На следующей стадии проникновения в эту мета-субстанцию-в-себе, именуемую нами «Город», сам собою напрашивался вопрос: знает ли Город, что Город? осознает ли он самое себя? - иными словами: есть ли у души разум и самосознание? Свои собственные наития и страсти? Критерии и мотивы творчества? Цели, правильности, законы? Как мы, - все его обитатели, - вписываемся в неё? Влияем ли на Город и как именно влияет он на нас? Или, всё это одно лишь бесконечно живое и непрестанно развивающееся сонмище свобод?

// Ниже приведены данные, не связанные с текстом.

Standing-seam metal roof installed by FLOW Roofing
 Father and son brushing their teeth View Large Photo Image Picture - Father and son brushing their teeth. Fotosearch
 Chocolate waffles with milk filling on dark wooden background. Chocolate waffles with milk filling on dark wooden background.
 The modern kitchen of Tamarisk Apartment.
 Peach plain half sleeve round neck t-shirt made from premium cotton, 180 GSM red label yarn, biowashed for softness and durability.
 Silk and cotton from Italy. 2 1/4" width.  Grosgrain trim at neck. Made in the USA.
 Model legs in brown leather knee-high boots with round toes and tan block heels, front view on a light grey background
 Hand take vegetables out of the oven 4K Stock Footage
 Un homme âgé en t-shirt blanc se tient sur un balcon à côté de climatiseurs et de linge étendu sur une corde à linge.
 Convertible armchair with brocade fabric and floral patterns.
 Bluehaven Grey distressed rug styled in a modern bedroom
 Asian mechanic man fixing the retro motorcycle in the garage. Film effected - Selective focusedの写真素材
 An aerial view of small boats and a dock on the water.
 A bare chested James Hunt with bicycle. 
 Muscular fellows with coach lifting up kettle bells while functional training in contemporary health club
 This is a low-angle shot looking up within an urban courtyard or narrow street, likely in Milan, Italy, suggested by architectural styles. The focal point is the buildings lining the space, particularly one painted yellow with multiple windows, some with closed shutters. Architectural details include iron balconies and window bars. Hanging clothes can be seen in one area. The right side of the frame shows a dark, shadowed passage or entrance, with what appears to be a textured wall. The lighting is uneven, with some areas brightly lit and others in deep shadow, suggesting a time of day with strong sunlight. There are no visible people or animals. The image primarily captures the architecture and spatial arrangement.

      Но это уже совсем другая история…



      А ещё я понял, что существует нечто куда более важное, нежели кодекс Горца, нечто, важнее следования морали и заветам предков, даже важнее веры, преданности, силы духа, но залог их всех – Свобода. И если ты, в конечном итоге, придёшь к тем же самым идеалам, - то сделаешь это уже не по велению морали и обязательств, не потому, что «так надо потому, что так принято», но исключительно вследствие твоего собственного свободного, осознанного выбора.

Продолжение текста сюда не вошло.